How Soon After Getting Vaccination Can a Baby Travel?
Most vaccines need to be given at least two weeks before travel to be effective. There are some exceptions, however. For example, the yellow fever vaccine needs to be given at least ten days before travel. You should check with your baby’s healthcare provider for specific guidance on when your baby can travel after getting vaccinated.
Traveling with Unvaccinated Babies
If you must travel with a baby who has not yet been vaccinated, there are some things you can do to help protect them from disease. These include:
• Washing your hands often and teaching your baby to do the same
• Avoiding close contact with people who are sick
• Not sharing food or drinks with others
• Making sure that all of their vaccinations are up-to-date before returning home
Talk to your baby’s healthcare provider before you travel to ensure that you take all the necessary precautions. If babies are not vaccinated before traveling, they are at risk of contracting serious and potentially deadly diseases. These diseases include polio, yellow fever, and cholera.
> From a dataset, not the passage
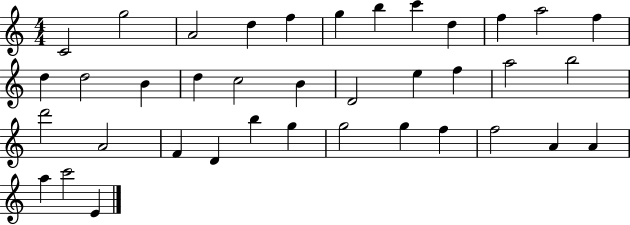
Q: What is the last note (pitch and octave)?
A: E4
Since vaccination has become mandatory in most countries around the globe, we recommend that you get yours done within 3 months of your baby’s birth (and 6-month intervals after that) to protect your child against some dangerous and deadly diseases like mumps and whooping cough.
When you have an infant, long-distance traveling can be quite stressful. Hence, taking all the vaccines for your baby before you board a flight is important. After all, it is your right as a parent to make sure that your child is safe and sound!
About the author
James Grasty is a father of two (Maximilian 2, and Lillian 4) and an avid user and purchaser of new and used baby gear. After trying out a lot of gear for his kids, he grew tired of either not finding the product he wanted, them being low quality and cheap, or super expensive. Being an entrepreneur he decided to start his own brand of baby and kids gear aimed at helping parents like himself solve their problems and make parenting a bit easier in the process because we all know how hard it already is.